In Brazil, as elsewhere, most palm hearts are preserved in a light brine solution and canned or bottled. This recipe calls for these palm hearts - you do not have to search out fresh ones. The cans or jars can easily be found in most North American and European supermarkets, or certainly in gourmet grocery stores.
RECIPE - Palm-Heart Moqueca (Moqueca de Palmito)
Serves 4

1 lb (500 gr) drained palm hearts
2 medium onions
2 cups (500 ml) coconut milk
1/2 cup (125 ml) dendê oil
1 small green bell pepper
1 small red bell pepper
2 cloves garlic, finely minced
1/2 bunch cilantro, leaves and small stems only, chopped
4 medium tomatoes, peeled and seeded
Cut the palm hearts into thick slices, about 1/2 inch (1 cm) thick. Slice the onions, the bell peppers and the peeled tomatoes.

In a saucepan or large frying pan layer alternatively the palm hearts, onions, peppers and tomatoes. Drizzle a bit of dendê oil over each layer as you work. Sprinkle the top layer with salt, the chopped garlic and the chopped cilantro. Pour the coconut milk evenly over all.

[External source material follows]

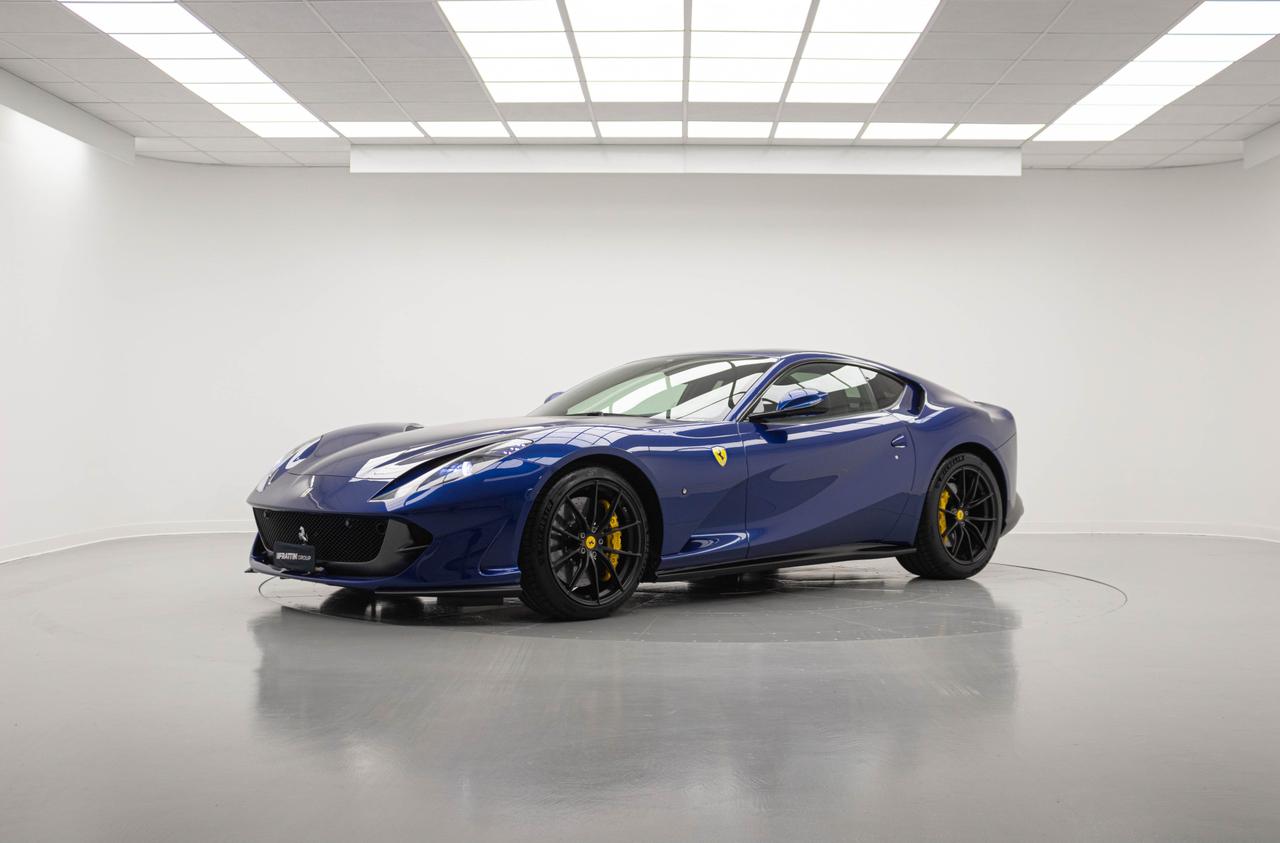 FERRARI 812 SUPERFAST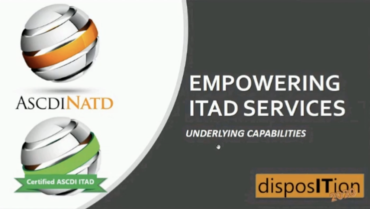 Empowering ITAD Services with ASCDI (video)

Put the pan on a large stove-top heating element and gently bring it to a simmer. Do not let it boil vigorously. Cook until all the vegetables are softened and the sauce has thickened slightly.


  1. Thanks so much for all your endeavours making typical Brazilian recipes veggie-friendly; as an expat Brit in Fortaleza I really appreciate it, especially while dende oil is easier to get hold of than a mushroom...

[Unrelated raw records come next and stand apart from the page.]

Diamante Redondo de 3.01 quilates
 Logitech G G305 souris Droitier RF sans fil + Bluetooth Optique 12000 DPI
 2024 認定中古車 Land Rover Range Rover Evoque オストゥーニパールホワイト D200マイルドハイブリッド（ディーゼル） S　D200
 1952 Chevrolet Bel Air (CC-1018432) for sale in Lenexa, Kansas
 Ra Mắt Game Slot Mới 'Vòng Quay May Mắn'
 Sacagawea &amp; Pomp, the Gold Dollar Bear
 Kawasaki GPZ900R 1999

    You should open a restaurant! I would definitely come.

  2. Thanks for the kind words, Nicola. I hope you've discovered the recipe for plantain moqueca that I published just a few days ago - and it doesn't have dende! (By the way, what is that whole thing about no mushrooms here in Fortaleza? I can't understand why they're unobtainable. Weird...)

  3. Oh, I hadn't seen the plantain moqueca; I'll definitely look that one up now. I don't think I've noticed plantain in the stores here but I'm sure you're more clued up than me.

    Also, I really, really don't understand the lack of mushroom thing either - it's been driving me insane!

    1. i had plantain moqueca in a place called Las-iguanas in the UK last night and im trying to make it, i have plantains just need the recipe, it was gorgeous.

  4. I've seen plantains (banana-da-terra) at Mercado Sao Sebastiao and also at the Mercadinho Japones on Antonio Sales - the best greengrocers in Fortaleza. Well worth checking out no matter where you live in the city.